En este sentido, Lucas recuerda que "el deber de lealtad a las instituciones nos vincula a todos los ciudadanos, pero es muchísimo más exigente para quienes ocupan una posición destacada en las propias instituciones".
"Si no crees en un juez, no crees en la democracia"
"No hay nada en la cúspide jurídica por encima de un juez. Si no crees en un juez, no crees en la democracia ni en la justicia", ha defendido la secretaria general de la Academia de Jurisprudencia, para quien las corrientes de desconfianza ciudadana hacia los tribunales son "interesadas" y están alimentadas por noticias falsas.
Para contrarrestar esta situación, el magistrado del Tribunal Supremo pone en valor el esfuerzo de los tribunales en los últimos años para redactar sentencias en un lenguaje "claro, sencillo y comprensible" que permita a cualquier ciudadano entender los motivos de cada decisión.
Más allá de la situación institucional, ambos advierten de que las corporaciones tecnológicas y los fondos de inversión operan por encima de las fronteras estatales y de la propia Unión Europea, diluyendo la soberanía de los estados.
Para Fernández-Tresguerres, de hecho, la Inteligencia Artificial es la cuarta gran revolución de la historia, aunque alerta de los riesgos del aprendizaje profundo ("deep learning"), donde las máquinas pierden la trazabilidad de sus procesos y "la responsabilidad civil se diluye". Ante este vacío, la notaria refiere que ya introduce de forma obligatoria cláusulas en los testamentos para proteger el "patrimonio digital" y el derecho al olvido de los ciudadanos.
Anonimato en las redes sociales
El presidente de la Sala Tercera del Tribunal Supremo también ha hecho hincapié en que con las redes sociales "se han creado las condiciones en las que se vierten a los espacios públicos noticias falsas, se atribuyen hechos a personas que falsamente se difunden", lo que según advierte "se puede hacer porque se puede emitir de manera anónima, sin asumir por tanto la responsabilidad que es propia".

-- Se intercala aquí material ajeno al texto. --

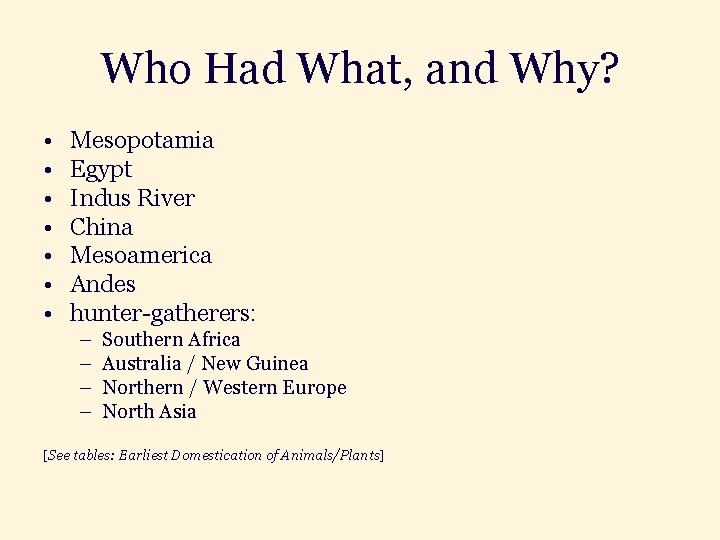 Who Had What, and Why? • • Mesopotamia Egypt Indus River China Mesoamerica Andes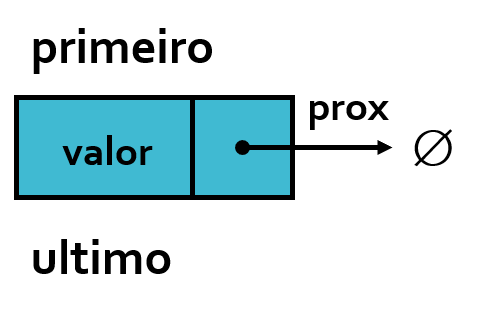 primeiroeultimonull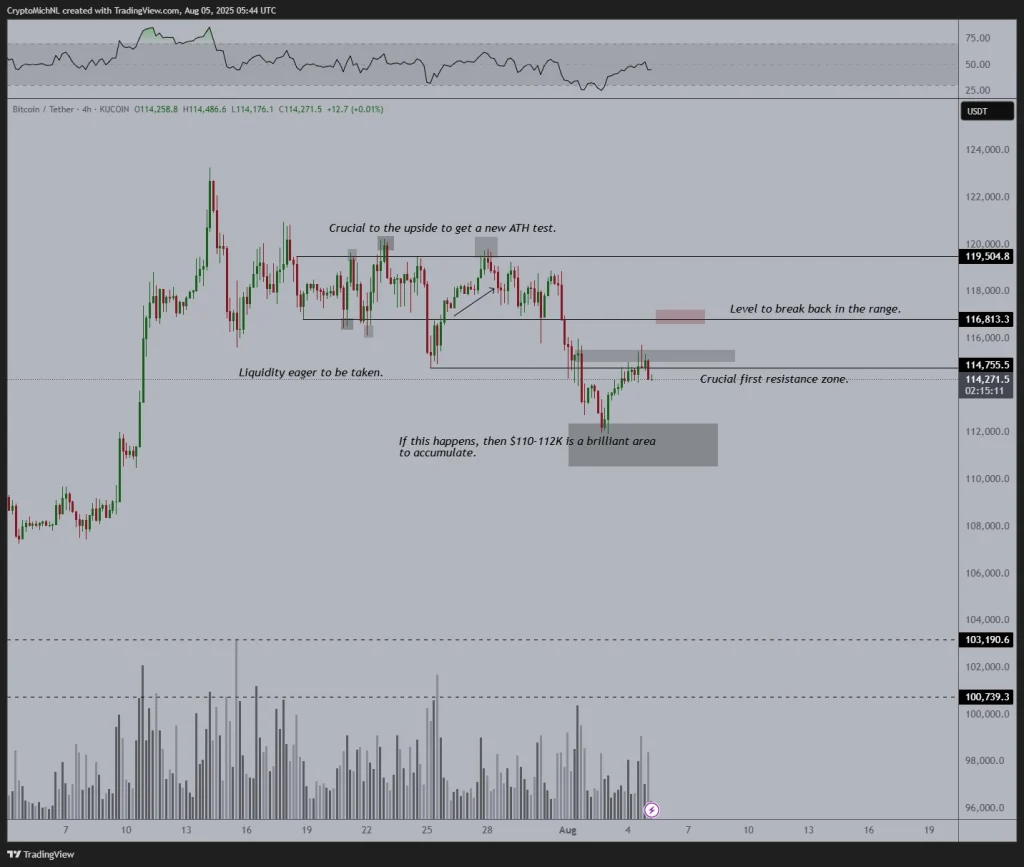 Michael BTC Analysis 5-8-25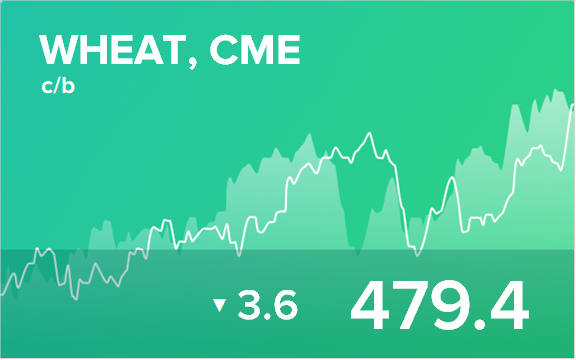 Прогноз биржевых цен на 22 июня 2020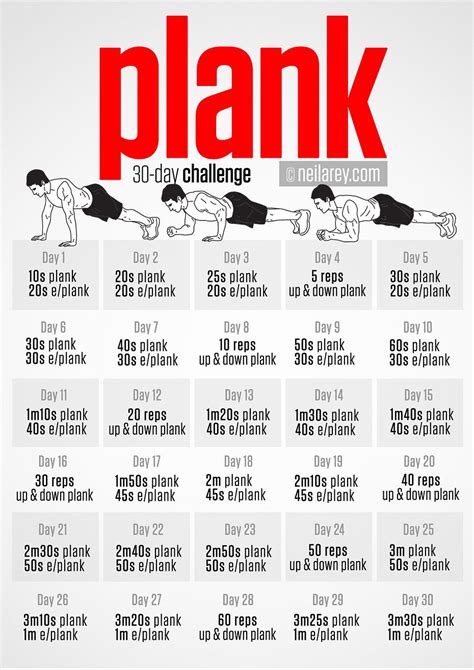 Plank Workout 30 Day Challenge 30 Day Plank Challenge Health
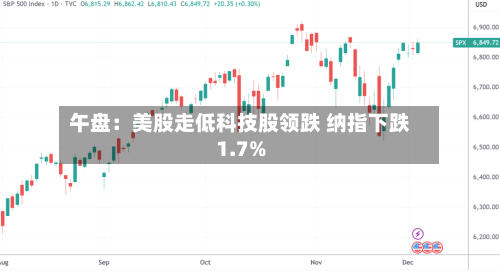 午盘：美股走低科技股领跌 纳指下跌1.7%-第1张图片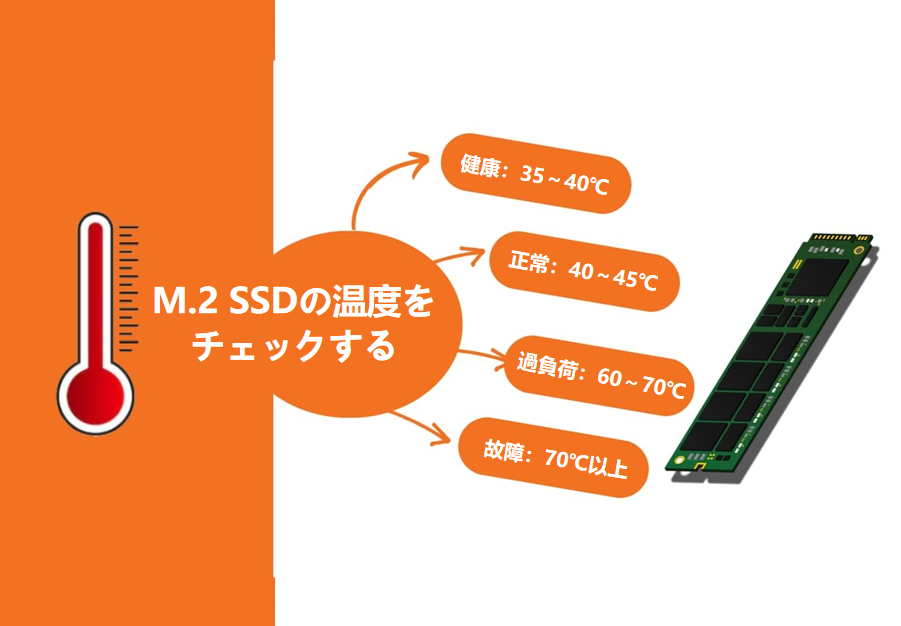 M.2 SSDの温度チェック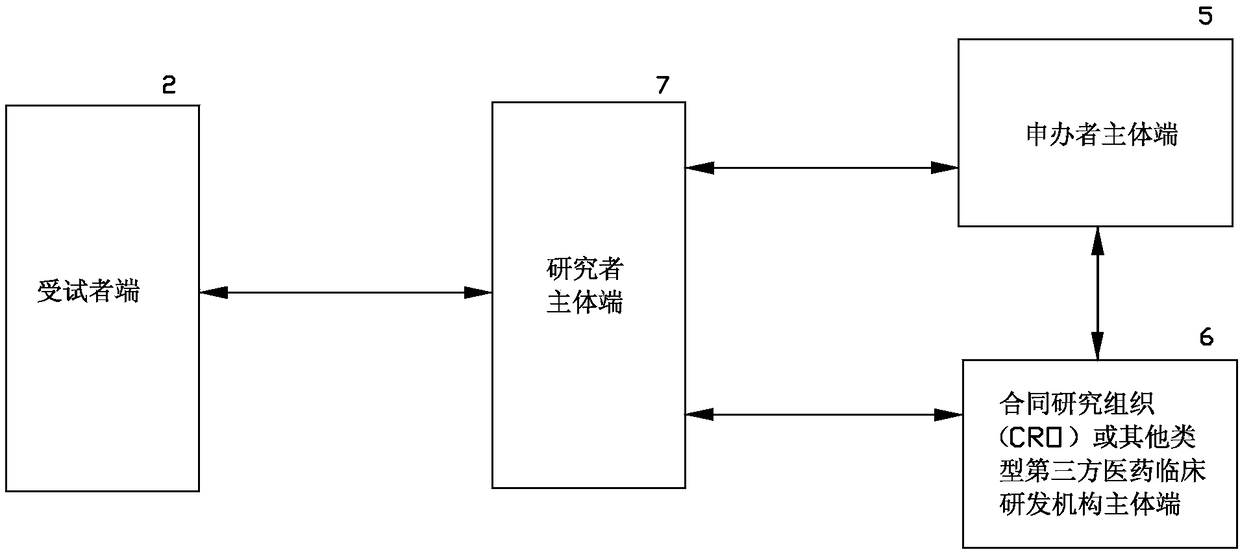 Medical clinical research and development information processing system and method thereof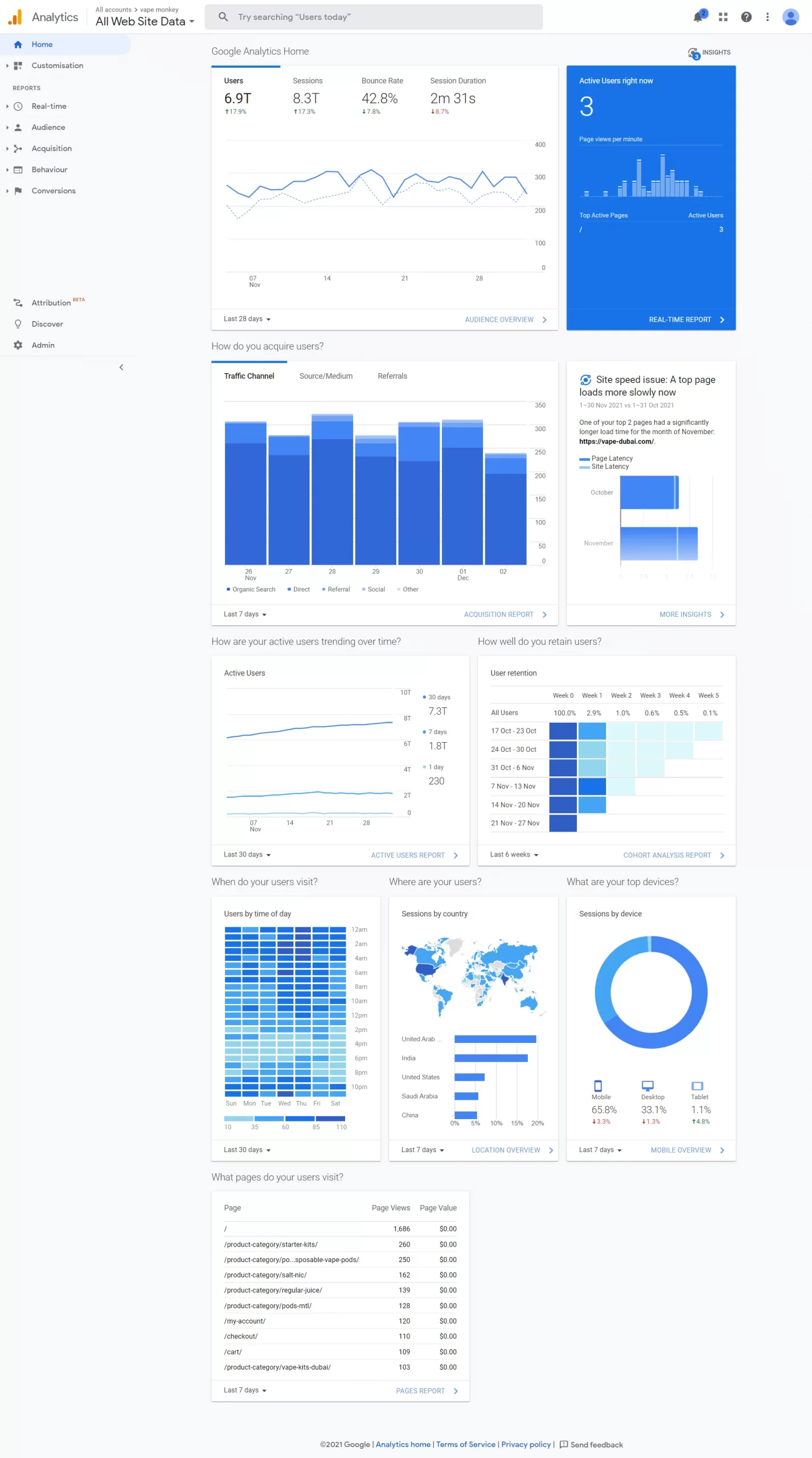 vape dubai analytics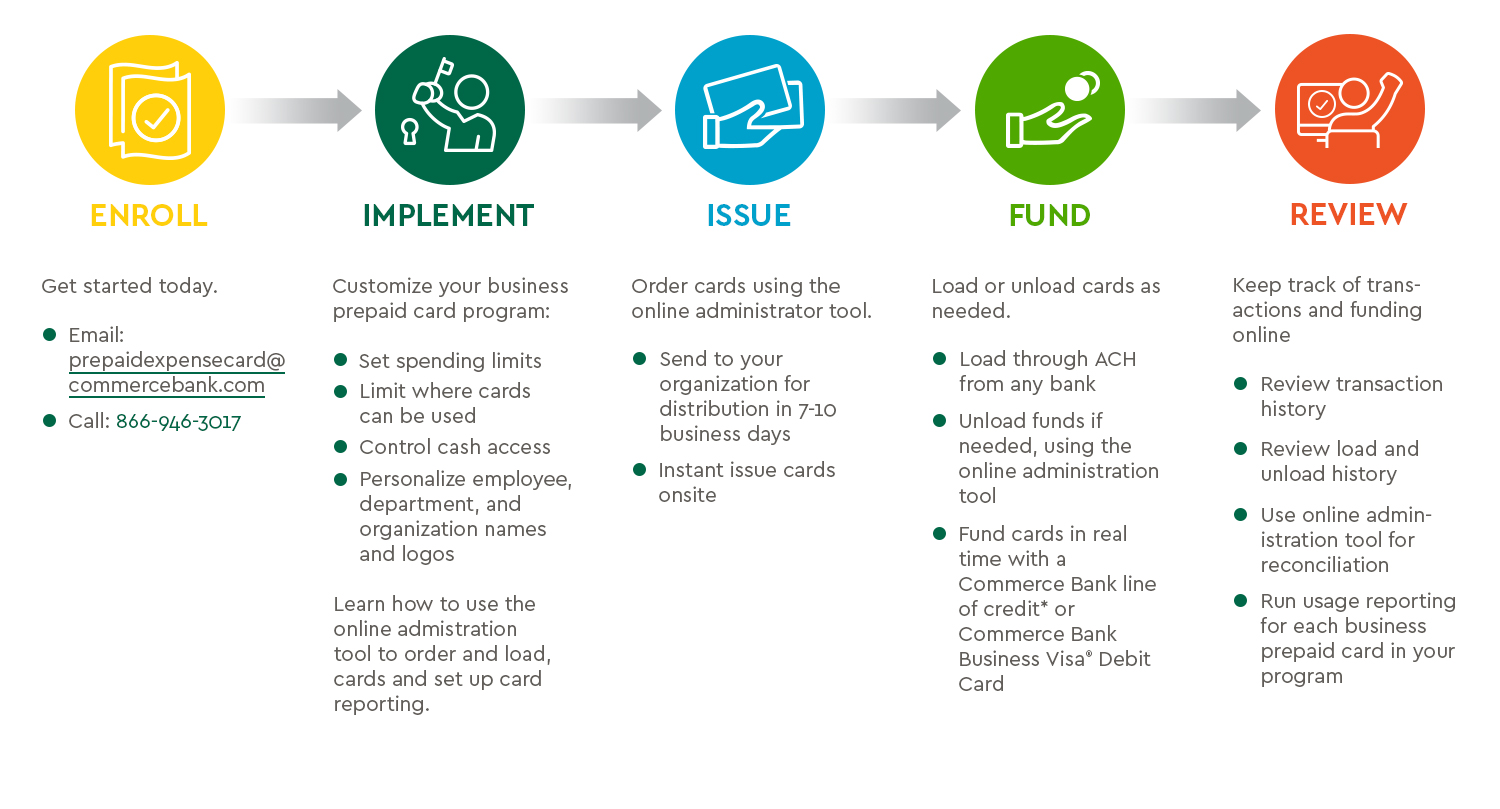 Business Prepaid Cards Commerce Bank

Por este motivo, considera un reto pendiente "introducir el elemento de la responsabilidad dentro de este universo de las redes, de tal forma que se pueda decir lo que uno quiera, sin calumniar, sin sobrepasar los límites socialmente admitidos para la crítica y sin incurrir en falsedad".
Por otro lado, ante una España colapsada por más de 100.000 disposiciones legales estatales vigentes, Lucas defiende que la solución para amparar al ciudadano no pasa por "crear más leyes", sino por recuperar "los principios generales del derecho y los valores democráticos esenciales vigentes desde 1945".
La sesión concluyó con un llamamiento unánime a potenciar el espíritu crítico y la educación de los jóvenes en las ideas del Estado de Derecho y la dignidad de la persona como únicos diques de contención eficaces.